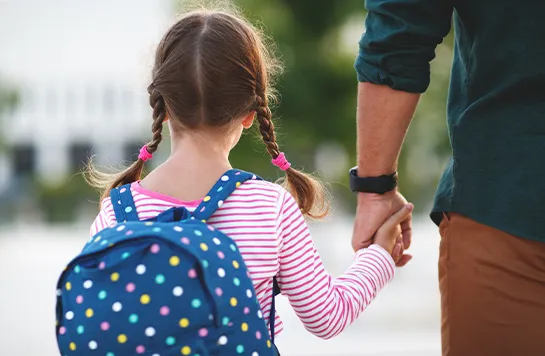 Ein Mädchen geht mit einem Erwachsenen Hand in Hand und trägt einen Rucksack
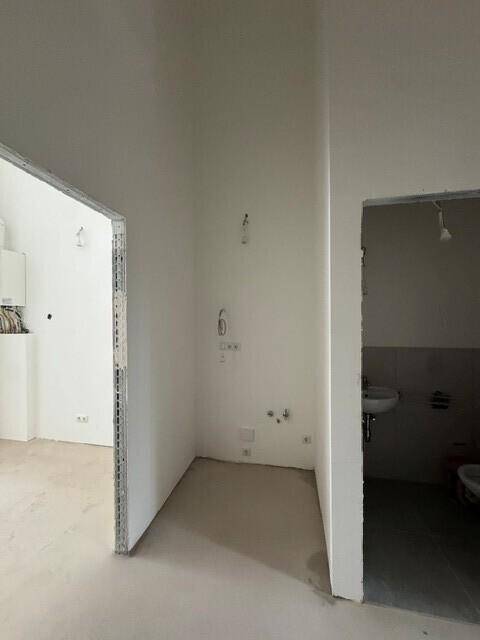 Ecke des Ladenlokals mit Zugang zu einem Sanitärbereich und einem möglichen Küchenanschluss.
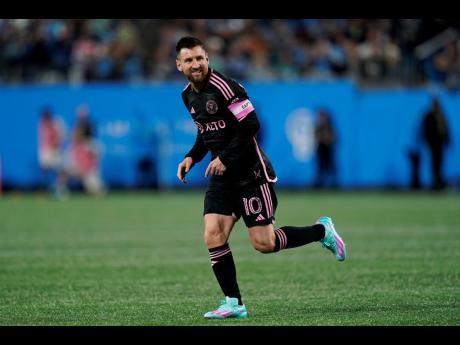 Inter Miami forward Lionel Messi reacts after missing a free kick during the second half of an MLS soccer match against Inter Miami, Saturday, October 21, 2023, in Charlotte, N.C. (AP Photo/Erik Verduzco)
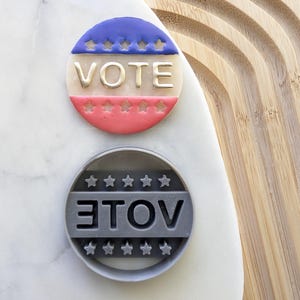 Peut inclure: Deux emportes-pièces, l'un rouge, blanc et bleu avec le mot "VOTE" en lettres dorées, et l'autre gris avec le mot "VOTE" en lettres inversées.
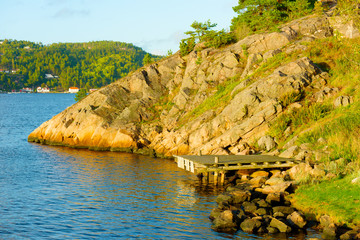 Evening sunshine on wooden pier on rocky shore. Saltbacken in Sweden, close to Norway (the houses and forest in the background).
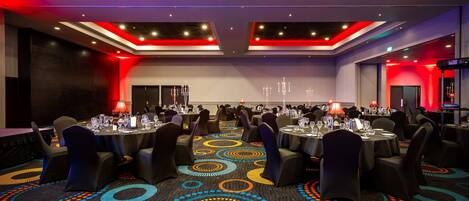 A conference room with round tables, chairs, and a patterned carpet.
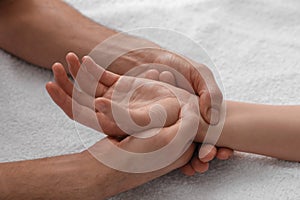 Woman receiving hand massage on soft towel, closeup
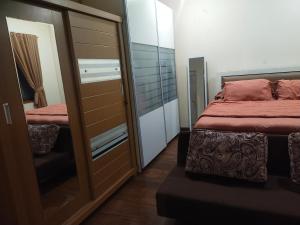 a bedroom with a bed and a sliding glass door at Traveler Guest House Yasmin Bogor Barat in Bogor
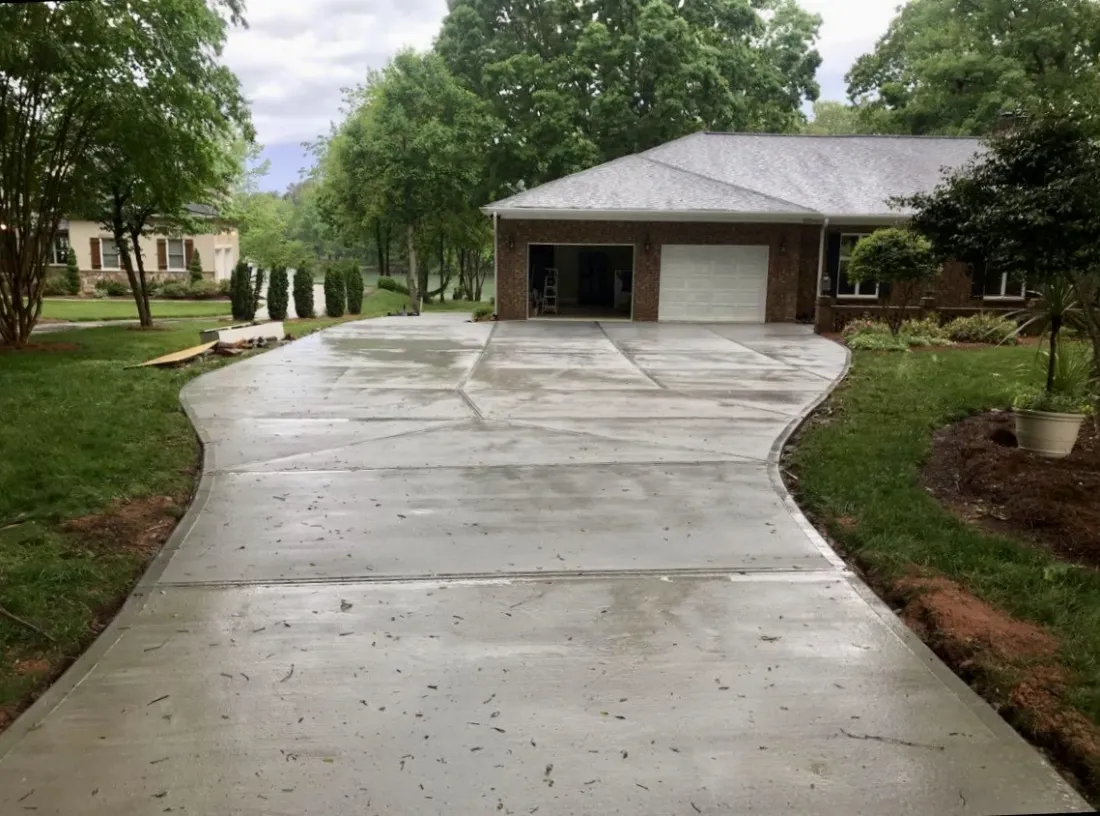 Wide concrete driveway in front of a brick home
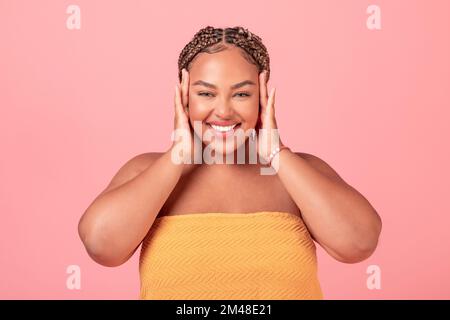 Portrait of excited black body positive woman touching face and enjoying her smooth skin, pink studio background Stock Photo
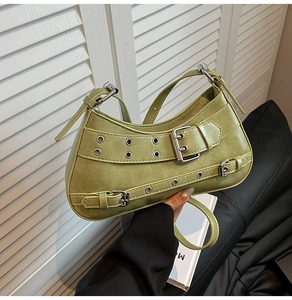 Détail du sac baguette en cuir vert avec œillets argentés et boucles en métal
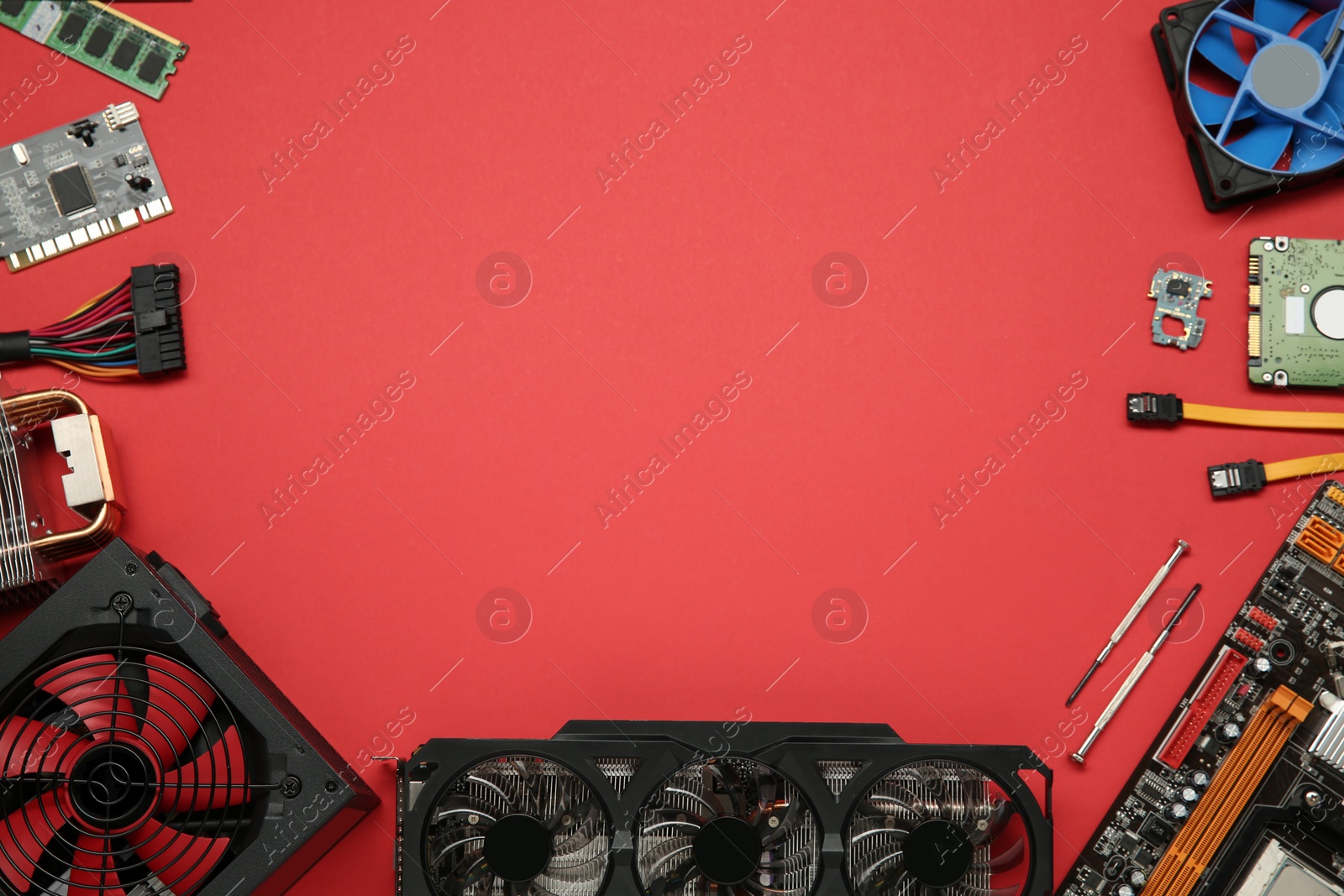 Photo of Graphics card and other computer hardware on red background, flat lay. Space for text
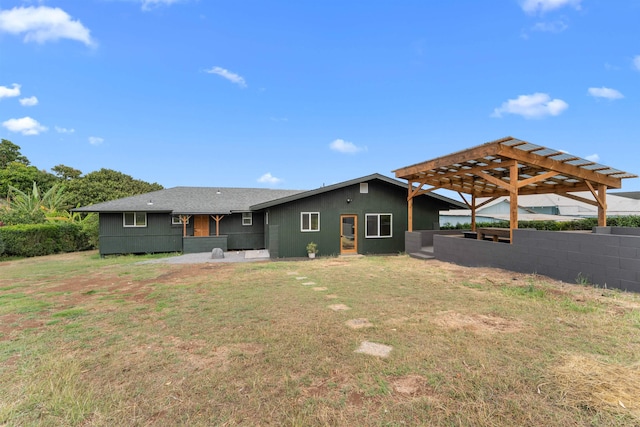 back of house with a lawn and a pergola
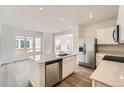 Modern kitchen features stainless appliances, quartz counters and an island with a sink at 15267 Fillmore St, Thornton, CO 80602
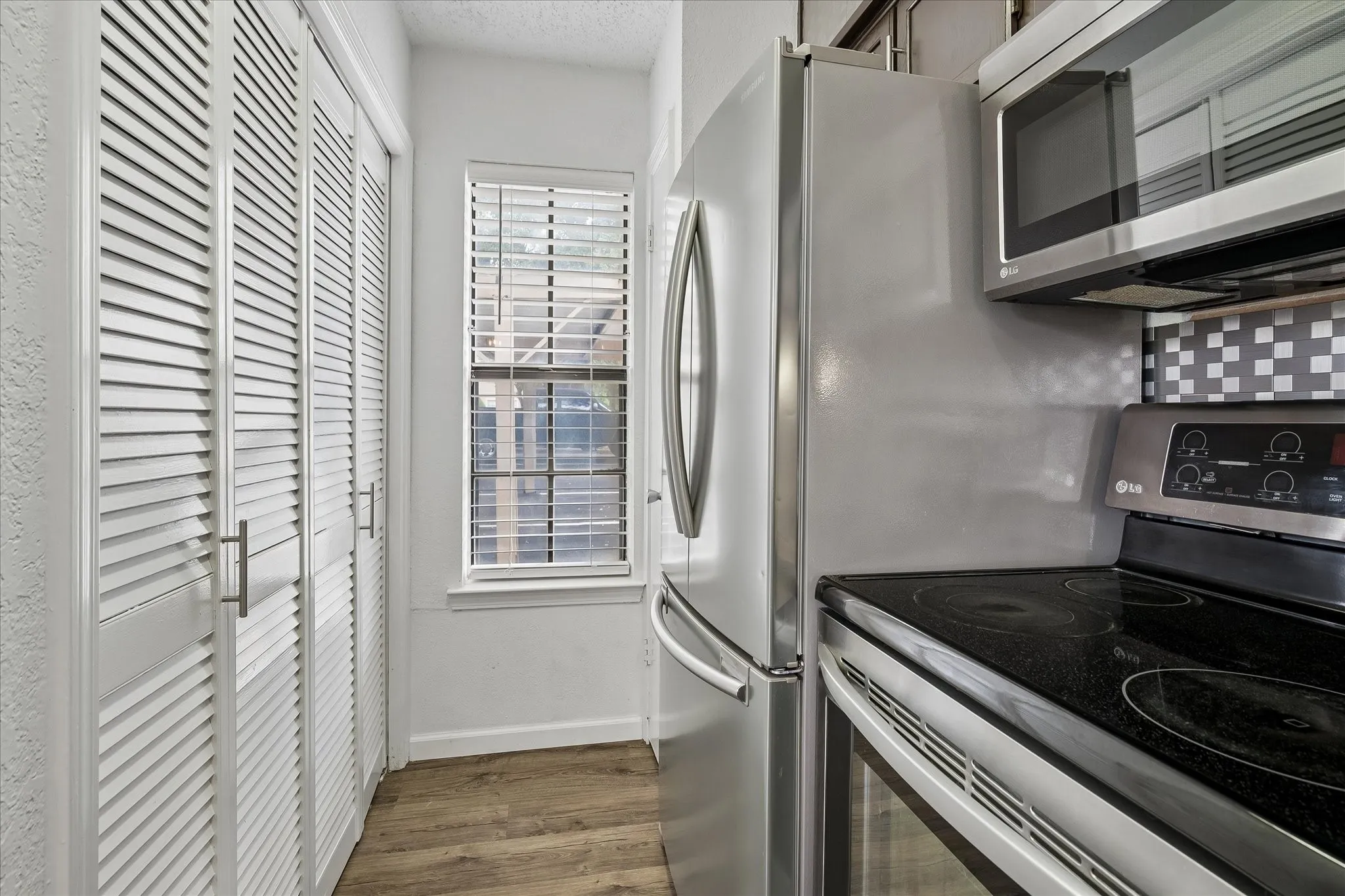 Window at the end of the kitchen, nice sized second pantry area and washer/ dryer area.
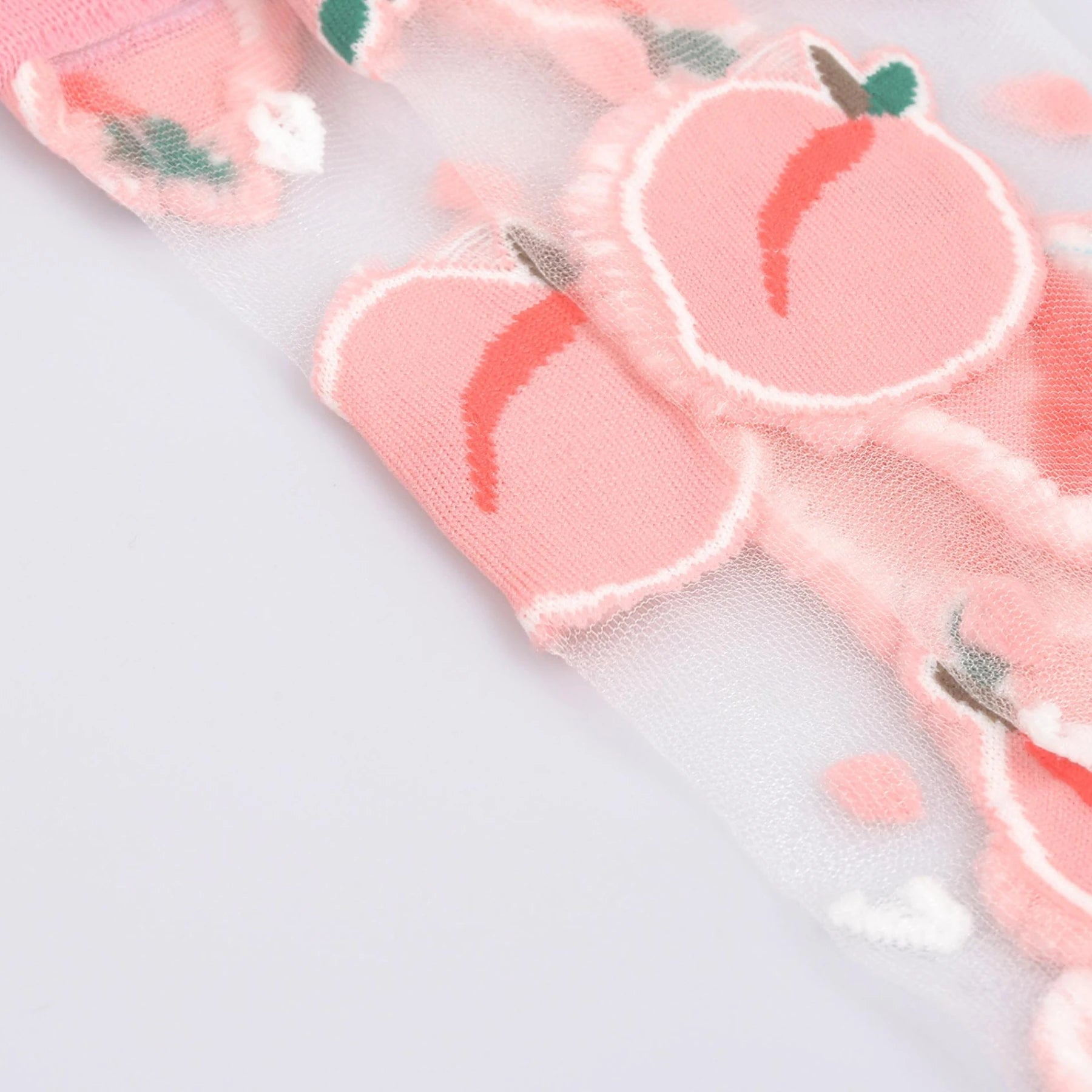 photo of sheer, pink fruit patterned crew socks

----

* **Your task**: Set down the records above word for word, from the first line through the line containing "Woman receiving hand", both included; leave out the pictures.

* **Solution**:
 Ein Mädchen geht mit einem Erwachsenen Hand in Hand und trägt einen Rucksack
 Ecke des Ladenlokals mit Zugang zu einem Sanitärbereich und einem möglichen Küchenanschluss.
 Inter Miami forward Lionel Messi reacts after missing a free kick during the second half of an MLS soccer match against Inter Miami, Saturday, October 21, 2023, in Charlotte, N.C. (AP Photo/Erik Verduzco)
 Peut inclure: Deux emportes-pièces, l'un rouge, blanc et bleu avec le mot "VOTE" en lettres dorées, et l'autre gris avec le mot "VOTE" en lettres inversées.
 Evening sunshine on wooden pier on rocky shore. Saltbacken in Sweden, close to Norway (the houses and forest in the background).
 A conference room with round tables, chairs, and a patterned carpet.
 Woman receiving hand massage on soft towel, closeup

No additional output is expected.